Christy Mathewson check – $11,000
Babe Ruth check – $5,500
Walter “Big Train” Johnson check – $1,100
Rogers Hornsby check – $1,600
Ty Cobb check – $986
Jackie Robinson check – $856
An April Lelands.com auction featured a Babe Ruth check made out to a liquor store for $36, which closed at $4,462. While Joe DiMaggio might be right up there with Ruth in the hearts of Yankees fans, so many more of his checks are floating around the market that they only bring around $250, as a Lelands.com sale a few months earlier proved with no fewer than seven DiMaggio checks sold.

“Documents are worth much more based on supply and demand and there are a lot more checks out there,” says Wulkan, whose site also features checks from non-players such as broadcasters Vin Scully and Harry Caray. “Vince Lombardi is a perfect example. There were thousands of Vince Lombardi checks in existence and they finally have been absorbed by the market.”

“Contracts,” on the other hand, Wulkan says, “are one of a kind. You won’t see 100 Rawlings glove endorsements signed by Ty Cobb; you might just see a couple.”

Checks are so common that if a signed document is something other than a check, it commands a premium. Last fall’s Mile High Card Co. auction bears this out with an excellent apples-to-apples example: Right beside each other in the listings were a Ty Cobb signed check and a handwritten letter addressed by the Georgia Peach. Winning bid on the check: $900. The letter, however, brought in much more at $1,236.

On eBay, browse through the Original Autographs/Baseball-MLB/Other Autographed Items category and you’ll see an amazing group of signed papers. At this writing, the highest recent closings included a Ruth-signed postage stamp ($4,000), a twice-signed Miller Huggins stock certificate ($3,750), and a Cobb twice signed, handwritten note ($2,200).

Even more valuable are baseball-related documents, such as team contracts or advertising endorsement deals. One example would be Major League Baseball’s file on Ted Williams, which was opened after one of the several times he spat on a fan at Fenway and was an item Wulkan recently sold.

Wulkan said demand for these baseball documents is high, especially when they include a rare or interesting variation of a popular player’s signature. On his “for sale” page on his Web site recently, he’s had a Ruth contract that allowed NBC and Red Rock Cola to use his voice on baseball broadcasts for a year.

Not only is the document intact, but it also features an unusual “George H. Babe Ruth” signature, different from the more common “Babe Ruth” or “G.H. Ruth” variations. The price tag? $25,995.

Wulkan, like many dealers, started out in the hobby as a collector, which in turn grew into a platform for buying and selling.

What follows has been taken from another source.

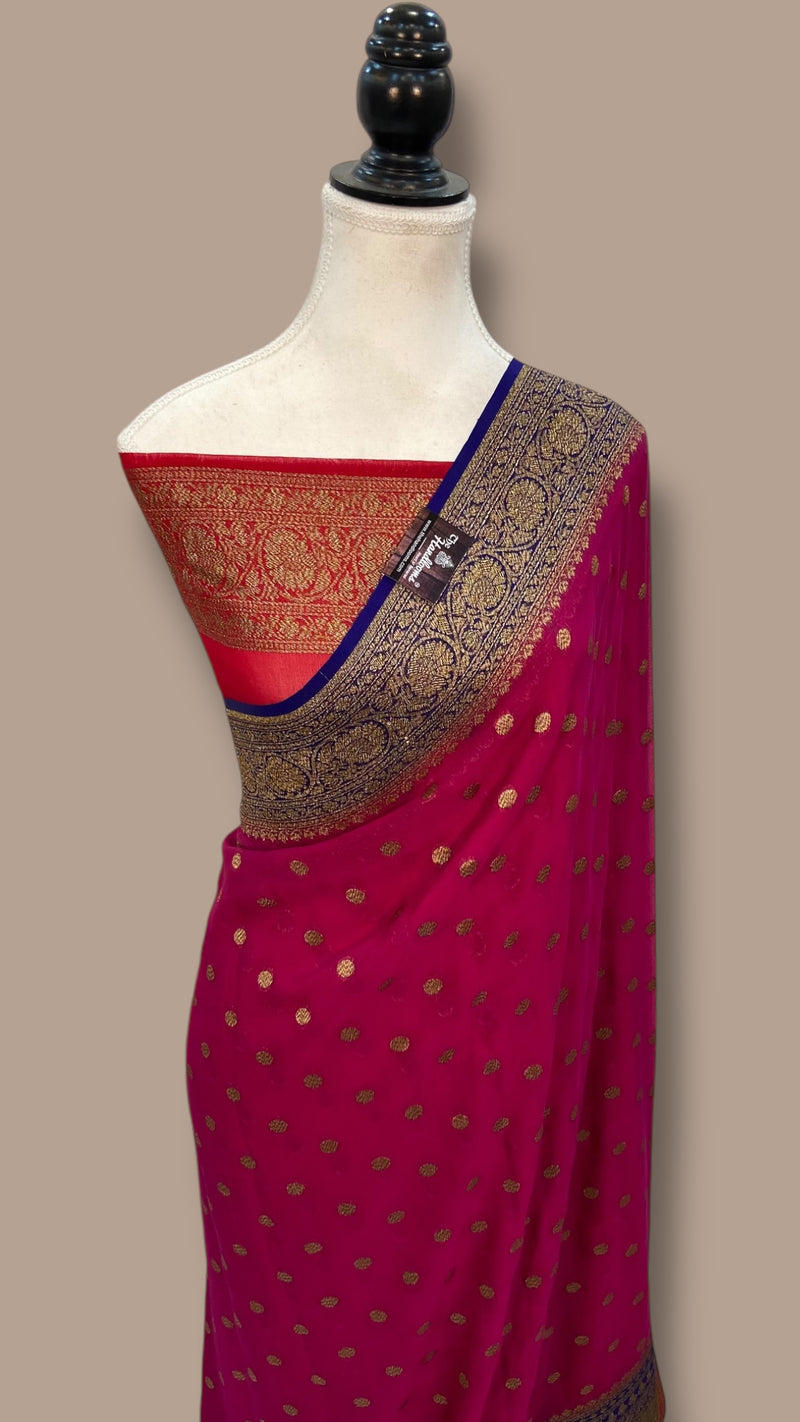 Khaddi Georgette Handloom Banarasi Saree -  Antique zari - The Handlooms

When he was a kid growing up, his grandfather, who owned a Bronx candy store, would give him baseball cards to sort, organize and collect.

Like many document collectors might tell you, his collecting branched into cancelled checks when the card collecting stagnated and he grew bored of seeing the same pictures on the same cards from the same years, over and over again.

“It’s neat to see who they’re made out to, and it shows the timeline of their lives; you get to know these players on a much more personal level,” Wulkan said. Although he did warn that in some cases, such as when he found checks Caray wrote to his mistress, it can get “a little too personal.”

On the other hand, the details and anecdotes that personal papers can reveal are interesting to the baseball historians among us. Barring that, they can be just plain fun. One 1967 Ted Williams check Wulkan recently sold was made out to Nellie Fox for $10. In the memo field, it reads: “Bet, Last in ’60.”

The above-mentioned Cobb note that sold on eBay read “I consider Walter Johnson greatest ever over 400 games, very light hitting and not good fielding clubs back of him for many years.”

This “greatest-ever pitcher” discussion gets debated over and over on sports-talk radio every day on the airwaves and it will likely continue forever. Why not add in a Hall of Famer’s opinion in as well, interjecting the perspective from someone who was actually on the field with “Big Train” in the Dead-Ball Era? Better yet, why not frame it and hang it on the wall?

“If you’re a real fan, it kind of brings you back to that time,” Wulkan said. “This market is more for advanced people.”